I spoilt myself and got a SDG6202X a while back after grumbling at the price for a year or 2 but I needed one for a demo model anyways. 200 MHz sine, 80 MHz square wave and 1ns risetime is very nice and so it should be for the price. 

thanks for the specs; we have already discussed previously that there would be the cheaper 800 series it seems to me, but maybe it will have some important limitations.
1032 is nice, but it is not given as a gift 

[CharlotteSwiss]

When these discussions turn technical, it's nice to have the equipment required to put together an experiment reinforcing the learning.  My learning...

I agree, but first as mentioned I have to study the oscilloscope manual, I don't like having two things to study in the field, it confuses my ideas.
I will do the most sophisticated experiments when I also have the generator, but then I can concentrate only on that.
I'm from the parts of page 140/150, as soon as I rearrange the ideas and finish the math chapter, I think it will be easy to study until the end of the manual without major obstacles (I hope)
thanks rstofer

[rstofer]

thanks for the rstofer analysis: we understood that 1032 might be fine for me, it is still a fairly expensive purchase; we must also calculate that it would have a reduced use compared to the oscilloscope, and perhaps for a beginner it could be perhaps even too expensive.

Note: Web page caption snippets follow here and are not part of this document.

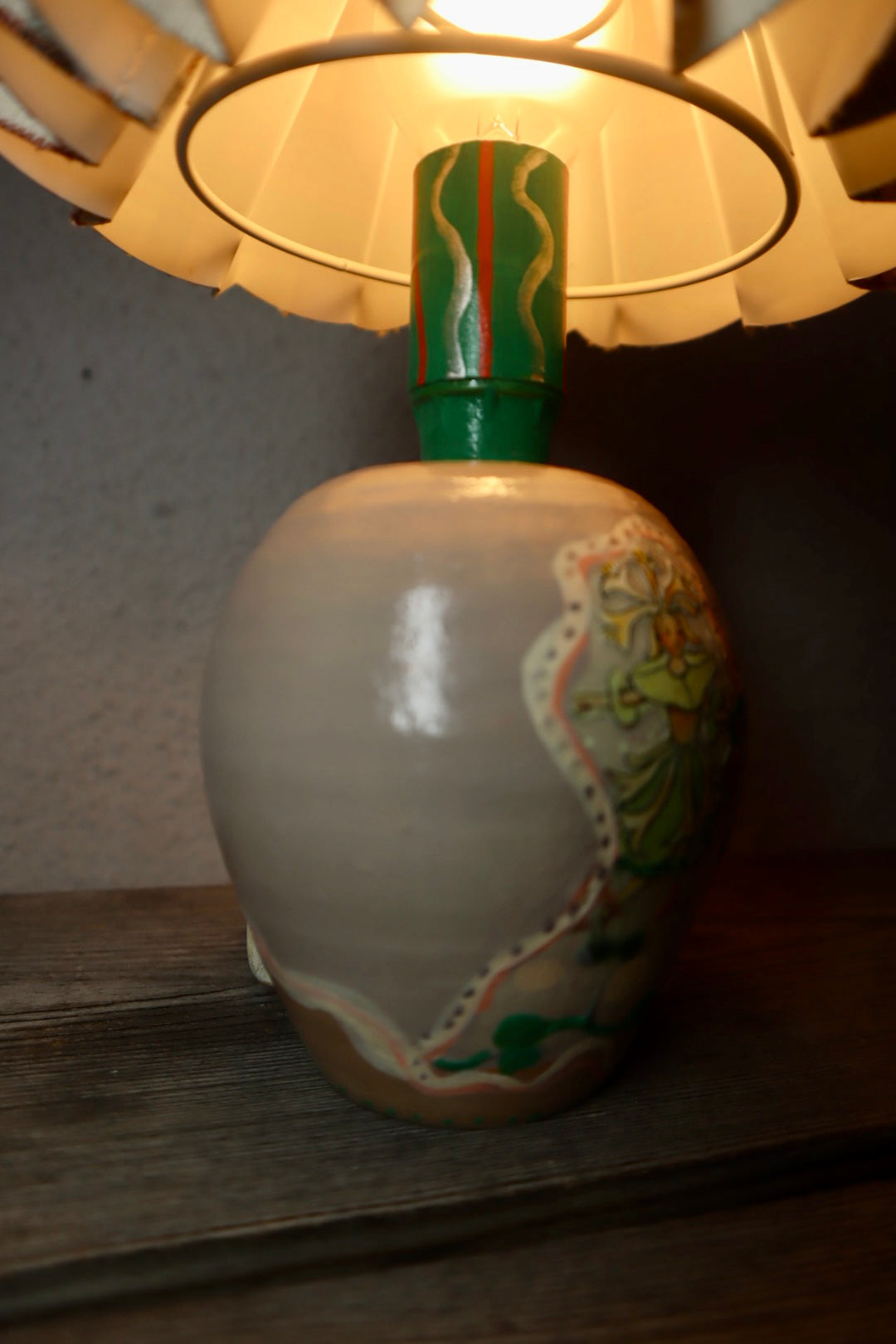 BLOMSTERFESTEN ~ Lampa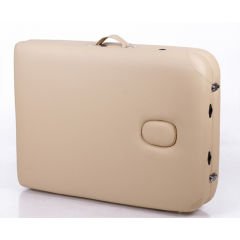 Restpro Memory 2 Bej Katlanabilir Masaj Masası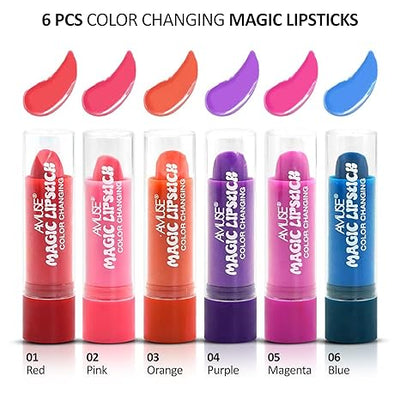 Labial Magico: Magic Lipstick - Amuse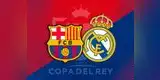 Barcelona vs. Real Madrid EN VIVO: horarios y canales para ver la semifinal de la Copa del Rey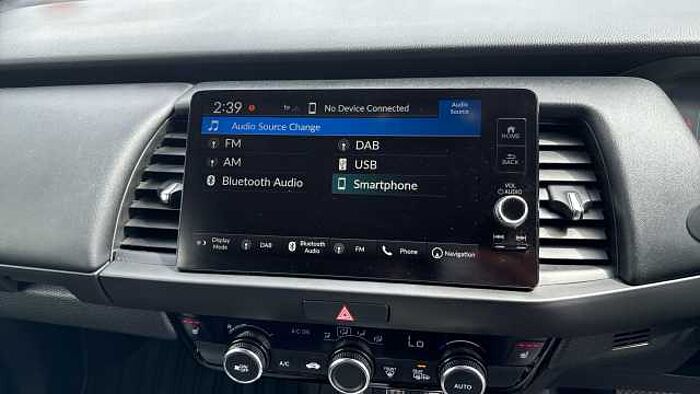 Honda Jazz Hybrid 1.5 i-MMD Hybrid Advance 5dr eCVT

However, I see that there are not many products at a much lower cost, if not the usual fy6900 ...
I should start to understand: Will it have a lot of use in my troubleshooting repairs?
It would also be necessary to understand with what amplitude it can come out with the signal, and if it is sufficient to test parts of the circuit: obviously enough within 15v ..

I managed to get along without an AWG for more than 60 years, nearly 50 since I finished undergrad.  I always played with digital and all I needed was a decent square wave of an appropriate frequency.  It's only since I started hanging out here that I have moved toward more 'educational' topics.

Then again, I haven't had a bench power supply either.  5V fixed supplies were adequate and my robotics projects have always been battery powered.

I bought a couple of used bench DMMs from eBay just because they could sit on a shelf above the bench, out of the workspace.  Handheld meters, of which I have several, seem to get in the way.  I still use the handhelds far more often...

We have spent days talking about FFT but I have used it exactly once in my entire career.  Do I really care is the DSO can display it?  Probably not!  Of course, since modern DSOs already have it, I might as well learn how it works.  I still don't have a use for the FFT and likely never will other than 'learning' topics around here.

Troubleshooting?  Troubleshooting what?  Most manufactured gadgets defy repair.  Among other things, you probably can't even get the custom chips.  Even some Tektronix scopes become impossible to repair.  I must be in a different place because I can't imagine troubleshooting anything other than a project I built.  Is a signal generator useful?  Not to me!  Everything I do is digital, whether Arduino, Raspberry Pi, ARM or FPGAs.  I need a scope, I probably need a logic analyzer and that's about it.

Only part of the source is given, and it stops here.